By Amity Shlaes, author of "The Forgotten Man: A New History of the Great Depression" and "The Greedy Hand: Why Taxes Drive Americans Crazy":
A little is all right. That’s the message Federal Reserve Chairman Ben S. Bernanke has been giving out recently when asked about the evidence of inflation in the U.S. recovery.
Sometimes Bernanke doesn’t even go that far. He simply says he doesn’t see inflation. The Fed chairman recently described the prospects for price increases across the board as “subdued.”

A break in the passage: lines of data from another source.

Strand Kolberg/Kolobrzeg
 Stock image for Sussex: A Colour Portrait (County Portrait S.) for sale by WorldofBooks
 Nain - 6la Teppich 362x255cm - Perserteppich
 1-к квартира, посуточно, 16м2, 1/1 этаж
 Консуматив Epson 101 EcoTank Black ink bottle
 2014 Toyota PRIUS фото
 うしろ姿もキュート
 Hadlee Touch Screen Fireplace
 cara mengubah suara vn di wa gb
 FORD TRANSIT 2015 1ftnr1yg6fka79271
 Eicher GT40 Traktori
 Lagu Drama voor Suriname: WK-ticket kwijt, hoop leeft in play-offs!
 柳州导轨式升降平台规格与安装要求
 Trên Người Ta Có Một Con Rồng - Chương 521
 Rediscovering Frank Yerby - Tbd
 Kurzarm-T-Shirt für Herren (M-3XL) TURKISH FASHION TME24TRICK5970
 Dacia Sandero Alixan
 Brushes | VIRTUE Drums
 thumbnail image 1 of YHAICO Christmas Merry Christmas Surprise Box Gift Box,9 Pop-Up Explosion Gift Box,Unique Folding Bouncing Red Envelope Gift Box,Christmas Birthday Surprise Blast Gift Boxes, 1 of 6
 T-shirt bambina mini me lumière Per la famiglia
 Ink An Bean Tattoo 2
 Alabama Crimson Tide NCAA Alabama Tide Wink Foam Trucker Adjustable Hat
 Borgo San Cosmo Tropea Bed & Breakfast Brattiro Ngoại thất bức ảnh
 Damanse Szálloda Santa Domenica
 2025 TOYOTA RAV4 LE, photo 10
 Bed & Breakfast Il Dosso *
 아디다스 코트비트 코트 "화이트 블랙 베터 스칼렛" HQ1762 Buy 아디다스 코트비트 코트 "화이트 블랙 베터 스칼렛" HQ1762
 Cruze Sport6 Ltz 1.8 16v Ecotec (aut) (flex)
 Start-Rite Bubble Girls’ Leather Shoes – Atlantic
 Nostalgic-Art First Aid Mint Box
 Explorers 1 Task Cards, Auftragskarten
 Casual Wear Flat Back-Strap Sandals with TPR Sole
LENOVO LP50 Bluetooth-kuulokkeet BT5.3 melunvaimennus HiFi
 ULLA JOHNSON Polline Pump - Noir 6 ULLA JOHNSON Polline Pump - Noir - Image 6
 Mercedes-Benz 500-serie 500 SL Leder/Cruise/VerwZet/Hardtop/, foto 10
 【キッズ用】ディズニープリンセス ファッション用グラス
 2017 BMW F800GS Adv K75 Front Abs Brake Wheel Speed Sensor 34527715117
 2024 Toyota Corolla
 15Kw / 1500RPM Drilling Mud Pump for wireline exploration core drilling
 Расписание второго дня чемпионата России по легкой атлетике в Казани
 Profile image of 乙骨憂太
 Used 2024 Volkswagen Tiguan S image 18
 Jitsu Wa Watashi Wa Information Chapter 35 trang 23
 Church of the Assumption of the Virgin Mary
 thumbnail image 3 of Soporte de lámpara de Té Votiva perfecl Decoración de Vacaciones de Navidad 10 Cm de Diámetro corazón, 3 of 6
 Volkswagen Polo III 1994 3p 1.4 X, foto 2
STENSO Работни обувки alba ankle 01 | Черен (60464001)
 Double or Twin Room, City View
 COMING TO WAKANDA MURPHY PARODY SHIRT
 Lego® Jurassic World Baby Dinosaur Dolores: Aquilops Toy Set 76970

“Sudden” is more like it. The thing about inflation is that it comes out of nowhere and hits you. Monetary policy is like sailing. You’re gliding along, passing the peninsula, and you come about. Nothing. Then the wind fills the sail so fast it knocks you into the sea. Right now, the U.S. is a sailboat that has just made open water, and has already come about. That wind is coming. The sailor just doesn’t know it.
“Sudden” has happened to us before. In World War I, an early version of what we would call the CPI-U, the consumer price index for urban areas, went from 1 percent for 1915 to 7 percent in 1916 to 17 percent in 1917. To returning vets, that felt awful sudden....
The reason that markets haven’t jumped yet is that the last great inflation and correction happened in the late 1970s and early 1980s, just long enough ago that most adults in the financial markets don’t remember it.
We can debate whether today’s challenge resembles that faced in the early 1980s, or something worse. But one thing is clear: pretty soon, we’ll all be in deep water.